Records contained in a dataset
☆ ☆ ☆ ☆ ☆ ☆ ☆

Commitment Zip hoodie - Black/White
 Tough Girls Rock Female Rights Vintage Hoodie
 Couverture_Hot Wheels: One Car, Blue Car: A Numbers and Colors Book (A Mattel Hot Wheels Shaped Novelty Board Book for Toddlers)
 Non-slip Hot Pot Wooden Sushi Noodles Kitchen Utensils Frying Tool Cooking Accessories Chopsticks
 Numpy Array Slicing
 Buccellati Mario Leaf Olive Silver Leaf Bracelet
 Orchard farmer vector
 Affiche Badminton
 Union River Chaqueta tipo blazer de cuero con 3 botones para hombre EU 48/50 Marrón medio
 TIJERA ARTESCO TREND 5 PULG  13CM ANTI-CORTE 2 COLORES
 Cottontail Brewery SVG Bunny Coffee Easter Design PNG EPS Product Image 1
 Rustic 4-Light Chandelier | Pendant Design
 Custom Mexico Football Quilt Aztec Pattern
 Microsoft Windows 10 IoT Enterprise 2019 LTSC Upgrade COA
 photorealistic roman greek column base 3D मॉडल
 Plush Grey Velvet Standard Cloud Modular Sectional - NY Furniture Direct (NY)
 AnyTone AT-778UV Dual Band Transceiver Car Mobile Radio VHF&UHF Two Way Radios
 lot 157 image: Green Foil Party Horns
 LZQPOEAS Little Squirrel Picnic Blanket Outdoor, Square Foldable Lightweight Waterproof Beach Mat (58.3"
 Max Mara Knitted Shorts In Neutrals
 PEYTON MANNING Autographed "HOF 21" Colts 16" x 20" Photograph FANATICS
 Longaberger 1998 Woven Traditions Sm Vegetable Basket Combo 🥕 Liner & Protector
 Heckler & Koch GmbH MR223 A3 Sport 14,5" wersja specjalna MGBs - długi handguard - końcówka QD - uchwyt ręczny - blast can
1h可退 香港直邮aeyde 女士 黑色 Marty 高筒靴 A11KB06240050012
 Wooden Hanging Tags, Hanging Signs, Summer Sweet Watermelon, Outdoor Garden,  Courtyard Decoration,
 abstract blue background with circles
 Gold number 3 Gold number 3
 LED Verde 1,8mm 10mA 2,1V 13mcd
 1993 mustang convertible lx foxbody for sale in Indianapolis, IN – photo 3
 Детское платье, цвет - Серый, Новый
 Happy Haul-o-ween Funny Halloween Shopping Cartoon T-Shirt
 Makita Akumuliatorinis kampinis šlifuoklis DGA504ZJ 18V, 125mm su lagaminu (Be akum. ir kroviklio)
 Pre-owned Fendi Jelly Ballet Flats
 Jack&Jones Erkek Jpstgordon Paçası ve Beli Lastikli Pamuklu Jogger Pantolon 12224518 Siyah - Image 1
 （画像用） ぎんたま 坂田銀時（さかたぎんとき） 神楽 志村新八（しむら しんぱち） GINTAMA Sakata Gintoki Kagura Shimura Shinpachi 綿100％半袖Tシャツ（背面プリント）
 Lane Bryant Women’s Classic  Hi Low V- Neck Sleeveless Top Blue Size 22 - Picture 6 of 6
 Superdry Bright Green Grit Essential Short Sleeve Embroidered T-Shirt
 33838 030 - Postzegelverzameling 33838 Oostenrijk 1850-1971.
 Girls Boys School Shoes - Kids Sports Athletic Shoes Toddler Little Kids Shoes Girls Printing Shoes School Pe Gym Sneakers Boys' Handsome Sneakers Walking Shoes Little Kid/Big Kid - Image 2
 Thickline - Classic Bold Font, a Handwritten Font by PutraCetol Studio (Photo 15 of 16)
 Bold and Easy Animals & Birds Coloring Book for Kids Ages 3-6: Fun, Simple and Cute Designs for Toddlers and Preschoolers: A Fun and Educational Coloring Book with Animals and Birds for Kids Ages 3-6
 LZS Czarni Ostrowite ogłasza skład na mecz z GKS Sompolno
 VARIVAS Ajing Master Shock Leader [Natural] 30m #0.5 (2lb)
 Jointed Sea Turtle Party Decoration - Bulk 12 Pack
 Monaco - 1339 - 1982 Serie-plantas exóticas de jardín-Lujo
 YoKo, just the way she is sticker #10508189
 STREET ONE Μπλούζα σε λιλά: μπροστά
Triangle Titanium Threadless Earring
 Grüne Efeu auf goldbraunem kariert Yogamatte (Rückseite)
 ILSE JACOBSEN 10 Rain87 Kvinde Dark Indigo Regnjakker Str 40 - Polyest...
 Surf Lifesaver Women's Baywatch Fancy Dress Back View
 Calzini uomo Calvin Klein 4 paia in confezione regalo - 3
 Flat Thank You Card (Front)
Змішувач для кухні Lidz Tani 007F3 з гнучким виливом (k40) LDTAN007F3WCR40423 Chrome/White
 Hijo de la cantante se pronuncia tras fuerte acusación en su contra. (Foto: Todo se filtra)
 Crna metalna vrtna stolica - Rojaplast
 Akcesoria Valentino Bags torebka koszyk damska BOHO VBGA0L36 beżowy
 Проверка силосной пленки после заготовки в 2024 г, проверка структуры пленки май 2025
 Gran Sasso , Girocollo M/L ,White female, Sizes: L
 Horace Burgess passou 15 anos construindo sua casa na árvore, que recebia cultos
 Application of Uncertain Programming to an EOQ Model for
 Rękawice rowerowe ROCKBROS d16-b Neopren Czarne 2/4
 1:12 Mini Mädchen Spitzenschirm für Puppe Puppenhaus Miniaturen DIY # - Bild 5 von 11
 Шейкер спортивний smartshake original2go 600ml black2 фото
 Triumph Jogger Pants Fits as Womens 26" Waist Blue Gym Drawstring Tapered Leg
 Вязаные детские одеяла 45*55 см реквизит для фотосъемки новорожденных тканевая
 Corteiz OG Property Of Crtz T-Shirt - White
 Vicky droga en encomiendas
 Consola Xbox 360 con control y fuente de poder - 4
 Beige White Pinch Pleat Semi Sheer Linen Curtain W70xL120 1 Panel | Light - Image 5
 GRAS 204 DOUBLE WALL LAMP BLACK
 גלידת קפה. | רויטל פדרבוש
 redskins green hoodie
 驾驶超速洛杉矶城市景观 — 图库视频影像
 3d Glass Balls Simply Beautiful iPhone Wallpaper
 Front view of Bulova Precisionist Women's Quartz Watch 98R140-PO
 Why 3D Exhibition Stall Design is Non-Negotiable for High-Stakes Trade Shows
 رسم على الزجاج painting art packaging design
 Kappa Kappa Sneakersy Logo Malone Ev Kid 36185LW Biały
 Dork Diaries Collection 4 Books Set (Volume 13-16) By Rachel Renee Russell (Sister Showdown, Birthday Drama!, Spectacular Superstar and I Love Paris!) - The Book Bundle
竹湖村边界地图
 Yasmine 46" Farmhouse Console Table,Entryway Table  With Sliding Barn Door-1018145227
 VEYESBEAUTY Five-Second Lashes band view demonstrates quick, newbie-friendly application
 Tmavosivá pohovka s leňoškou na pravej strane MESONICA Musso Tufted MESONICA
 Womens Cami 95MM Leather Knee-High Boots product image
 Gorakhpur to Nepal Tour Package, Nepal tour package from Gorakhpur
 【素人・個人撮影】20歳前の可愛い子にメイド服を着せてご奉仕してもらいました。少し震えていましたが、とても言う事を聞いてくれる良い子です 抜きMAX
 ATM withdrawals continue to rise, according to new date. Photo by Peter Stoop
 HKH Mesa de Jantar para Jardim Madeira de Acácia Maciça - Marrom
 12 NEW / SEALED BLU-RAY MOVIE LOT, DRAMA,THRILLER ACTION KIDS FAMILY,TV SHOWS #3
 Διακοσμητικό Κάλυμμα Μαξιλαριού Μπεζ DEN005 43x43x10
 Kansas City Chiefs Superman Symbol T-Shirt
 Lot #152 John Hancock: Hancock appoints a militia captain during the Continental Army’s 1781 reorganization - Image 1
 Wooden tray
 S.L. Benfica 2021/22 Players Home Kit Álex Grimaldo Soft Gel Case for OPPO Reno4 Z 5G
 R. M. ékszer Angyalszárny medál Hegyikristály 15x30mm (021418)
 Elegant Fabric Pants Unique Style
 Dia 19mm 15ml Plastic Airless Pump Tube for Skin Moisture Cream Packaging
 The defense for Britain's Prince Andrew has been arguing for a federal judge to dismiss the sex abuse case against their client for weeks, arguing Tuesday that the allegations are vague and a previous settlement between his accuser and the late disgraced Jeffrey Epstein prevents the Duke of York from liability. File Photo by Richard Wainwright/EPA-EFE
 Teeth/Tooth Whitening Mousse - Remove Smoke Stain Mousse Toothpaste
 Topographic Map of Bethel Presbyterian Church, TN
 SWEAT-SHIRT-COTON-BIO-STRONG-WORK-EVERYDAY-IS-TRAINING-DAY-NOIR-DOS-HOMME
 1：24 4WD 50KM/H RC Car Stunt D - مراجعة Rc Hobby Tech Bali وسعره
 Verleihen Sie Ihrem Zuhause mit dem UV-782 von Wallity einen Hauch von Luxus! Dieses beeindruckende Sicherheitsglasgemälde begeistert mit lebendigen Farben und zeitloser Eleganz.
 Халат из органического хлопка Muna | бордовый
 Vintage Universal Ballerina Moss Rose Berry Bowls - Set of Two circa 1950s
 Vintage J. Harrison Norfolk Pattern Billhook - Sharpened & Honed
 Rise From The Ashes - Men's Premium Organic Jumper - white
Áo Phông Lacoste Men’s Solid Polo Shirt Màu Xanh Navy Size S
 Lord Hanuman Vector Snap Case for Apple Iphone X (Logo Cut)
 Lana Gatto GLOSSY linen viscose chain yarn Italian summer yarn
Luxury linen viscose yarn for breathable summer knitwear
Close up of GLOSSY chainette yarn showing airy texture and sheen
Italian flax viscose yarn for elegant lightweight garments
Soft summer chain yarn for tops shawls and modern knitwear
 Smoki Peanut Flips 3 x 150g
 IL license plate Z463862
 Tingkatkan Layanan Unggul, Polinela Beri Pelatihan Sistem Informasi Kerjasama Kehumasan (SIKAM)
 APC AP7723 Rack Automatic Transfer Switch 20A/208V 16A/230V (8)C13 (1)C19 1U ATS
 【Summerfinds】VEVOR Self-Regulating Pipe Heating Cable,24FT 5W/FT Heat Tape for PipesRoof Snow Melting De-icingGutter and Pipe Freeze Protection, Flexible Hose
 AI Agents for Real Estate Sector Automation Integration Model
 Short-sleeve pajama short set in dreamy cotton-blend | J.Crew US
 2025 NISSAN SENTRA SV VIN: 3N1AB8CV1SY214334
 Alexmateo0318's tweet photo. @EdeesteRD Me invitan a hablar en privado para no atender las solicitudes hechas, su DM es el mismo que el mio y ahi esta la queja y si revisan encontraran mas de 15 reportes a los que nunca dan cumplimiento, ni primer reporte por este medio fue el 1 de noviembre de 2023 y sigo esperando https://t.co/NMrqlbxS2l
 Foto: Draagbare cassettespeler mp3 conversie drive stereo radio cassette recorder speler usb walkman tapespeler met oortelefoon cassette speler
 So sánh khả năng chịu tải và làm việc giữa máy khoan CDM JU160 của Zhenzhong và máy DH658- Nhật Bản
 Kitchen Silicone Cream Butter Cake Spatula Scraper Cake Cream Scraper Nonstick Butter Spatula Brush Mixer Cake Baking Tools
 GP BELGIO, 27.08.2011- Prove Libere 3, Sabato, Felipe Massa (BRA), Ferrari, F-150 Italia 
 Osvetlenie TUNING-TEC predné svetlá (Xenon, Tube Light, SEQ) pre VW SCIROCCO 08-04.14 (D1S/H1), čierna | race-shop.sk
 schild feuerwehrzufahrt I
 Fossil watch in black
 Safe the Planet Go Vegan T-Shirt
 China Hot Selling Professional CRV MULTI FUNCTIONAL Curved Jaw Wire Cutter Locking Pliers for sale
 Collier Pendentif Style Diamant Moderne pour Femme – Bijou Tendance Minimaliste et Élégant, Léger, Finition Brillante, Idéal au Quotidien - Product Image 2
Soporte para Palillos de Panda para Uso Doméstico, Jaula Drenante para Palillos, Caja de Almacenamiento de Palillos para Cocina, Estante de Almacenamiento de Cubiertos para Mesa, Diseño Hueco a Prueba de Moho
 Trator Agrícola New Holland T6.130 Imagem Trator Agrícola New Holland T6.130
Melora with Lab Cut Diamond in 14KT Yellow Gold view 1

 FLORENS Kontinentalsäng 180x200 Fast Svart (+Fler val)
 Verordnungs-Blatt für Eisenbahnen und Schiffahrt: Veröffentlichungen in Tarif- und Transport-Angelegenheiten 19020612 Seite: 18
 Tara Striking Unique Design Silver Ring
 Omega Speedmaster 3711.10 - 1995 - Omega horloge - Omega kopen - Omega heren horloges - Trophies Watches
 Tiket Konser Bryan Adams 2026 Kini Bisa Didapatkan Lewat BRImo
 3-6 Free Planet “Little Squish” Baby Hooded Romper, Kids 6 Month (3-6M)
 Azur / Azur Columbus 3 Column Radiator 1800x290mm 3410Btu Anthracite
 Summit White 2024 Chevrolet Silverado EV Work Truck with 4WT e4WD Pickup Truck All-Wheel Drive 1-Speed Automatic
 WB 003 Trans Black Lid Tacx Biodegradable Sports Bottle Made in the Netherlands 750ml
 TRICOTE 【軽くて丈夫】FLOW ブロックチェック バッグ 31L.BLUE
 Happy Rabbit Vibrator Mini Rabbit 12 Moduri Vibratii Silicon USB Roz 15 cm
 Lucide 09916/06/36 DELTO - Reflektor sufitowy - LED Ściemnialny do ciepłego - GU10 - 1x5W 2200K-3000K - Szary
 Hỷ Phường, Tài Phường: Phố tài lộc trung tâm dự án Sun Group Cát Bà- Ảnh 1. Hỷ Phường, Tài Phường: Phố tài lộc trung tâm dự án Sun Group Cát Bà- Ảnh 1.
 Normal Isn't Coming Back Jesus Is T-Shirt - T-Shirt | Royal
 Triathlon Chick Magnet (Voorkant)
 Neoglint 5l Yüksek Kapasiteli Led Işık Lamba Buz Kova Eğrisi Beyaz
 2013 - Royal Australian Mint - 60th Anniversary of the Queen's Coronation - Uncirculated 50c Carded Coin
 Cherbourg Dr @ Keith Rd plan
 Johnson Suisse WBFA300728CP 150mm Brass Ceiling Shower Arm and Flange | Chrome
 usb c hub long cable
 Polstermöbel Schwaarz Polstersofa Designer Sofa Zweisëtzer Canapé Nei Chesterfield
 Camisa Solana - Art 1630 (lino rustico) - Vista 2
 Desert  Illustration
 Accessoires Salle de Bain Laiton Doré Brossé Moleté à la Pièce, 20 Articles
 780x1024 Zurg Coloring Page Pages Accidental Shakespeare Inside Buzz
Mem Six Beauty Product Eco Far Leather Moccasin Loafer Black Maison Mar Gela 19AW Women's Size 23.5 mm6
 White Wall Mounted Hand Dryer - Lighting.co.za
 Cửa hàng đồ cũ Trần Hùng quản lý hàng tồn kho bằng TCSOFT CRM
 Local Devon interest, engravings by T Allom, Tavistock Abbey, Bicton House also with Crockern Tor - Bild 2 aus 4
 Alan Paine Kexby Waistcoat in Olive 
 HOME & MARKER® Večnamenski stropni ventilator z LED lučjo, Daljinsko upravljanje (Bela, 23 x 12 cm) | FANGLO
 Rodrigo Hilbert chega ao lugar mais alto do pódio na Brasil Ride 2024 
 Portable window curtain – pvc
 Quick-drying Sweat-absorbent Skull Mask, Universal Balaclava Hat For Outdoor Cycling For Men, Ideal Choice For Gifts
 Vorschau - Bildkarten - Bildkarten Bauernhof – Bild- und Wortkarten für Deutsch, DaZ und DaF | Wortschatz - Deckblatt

☆ ☆ ☆ ☆ ☆ ☆ ☆

Work order
Up to and including the line with "Lane Bryant Women’s", output every line of the records above exactly, starting from the first; output nothing else.

Solution to the problem
Commitment Zip hoodie - Black/White
 Tough Girls Rock Female Rights Vintage Hoodie
 Couverture_Hot Wheels: One Car, Blue Car: A Numbers and Colors Book (A Mattel Hot Wheels Shaped Novelty Board Book for Toddlers)
 Non-slip Hot Pot Wooden Sushi Noodles Kitchen Utensils Frying Tool Cooking Accessories Chopsticks
 Numpy Array Slicing
 Buccellati Mario Leaf Olive Silver Leaf Bracelet
 Orchard farmer vector
 Affiche Badminton
 Union River Chaqueta tipo blazer de cuero con 3 botones para hombre EU 48/50 Marrón medio
 TIJERA ARTESCO TREND 5 PULG  13CM ANTI-CORTE 2 COLORES
 Cottontail Brewery SVG Bunny Coffee Easter Design PNG EPS Product Image 1
 Rustic 4-Light Chandelier | Pendant Design
 Custom Mexico Football Quilt Aztec Pattern
 Microsoft Windows 10 IoT Enterprise 2019 LTSC Upgrade COA
 photorealistic roman greek column base 3D मॉडल
 Plush Grey Velvet Standard Cloud Modular Sectional - NY Furniture Direct (NY)
 AnyTone AT-778UV Dual Band Transceiver Car Mobile Radio VHF&UHF Two Way Radios
 lot 157 image: Green Foil Party Horns
 LZQPOEAS Little Squirrel Picnic Blanket Outdoor, Square Foldable Lightweight Waterproof Beach Mat (58.3"
 Max Mara Knitted Shorts In Neutrals
 PEYTON MANNING Autographed "HOF 21" Colts 16" x 20" Photograph FANATICS
 Longaberger 1998 Woven Traditions Sm Vegetable Basket Combo 🥕 Liner & Protector
 Heckler & Koch GmbH MR223 A3 Sport 14,5" wersja specjalna MGBs - długi handguard - końcówka QD - uchwyt ręczny - blast can
1h可退 香港直邮aeyde 女士 黑色 Marty 高筒靴 A11KB06240050012
 Wooden Hanging Tags, Hanging Signs, Summer Sweet Watermelon, Outdoor Garden,  Courtyard Decoration,
 abstract blue background with circles
 Gold number 3 Gold number 3
 LED Verde 1,8mm 10mA 2,1V 13mcd
 1993 mustang convertible lx foxbody for sale in Indianapolis, IN – photo 3
 Детское платье, цвет - Серый, Новый
 Happy Haul-o-ween Funny Halloween Shopping Cartoon T-Shirt
 Makita Akumuliatorinis kampinis šlifuoklis DGA504ZJ 18V, 125mm su lagaminu (Be akum. ir kroviklio)
 Pre-owned Fendi Jelly Ballet Flats
 Jack&Jones Erkek Jpstgordon Paçası ve Beli Lastikli Pamuklu Jogger Pantolon 12224518 Siyah - Image 1
 （画像用） ぎんたま 坂田銀時（さかたぎんとき） 神楽 志村新八（しむら しんぱち） GINTAMA Sakata Gintoki Kagura Shimura Shinpachi 綿100％半袖Tシャツ（背面プリント）
 Lane Bryant Women’s Classic  Hi Low V- Neck Sleeveless Top Blue Size 22 - Picture 6 of 6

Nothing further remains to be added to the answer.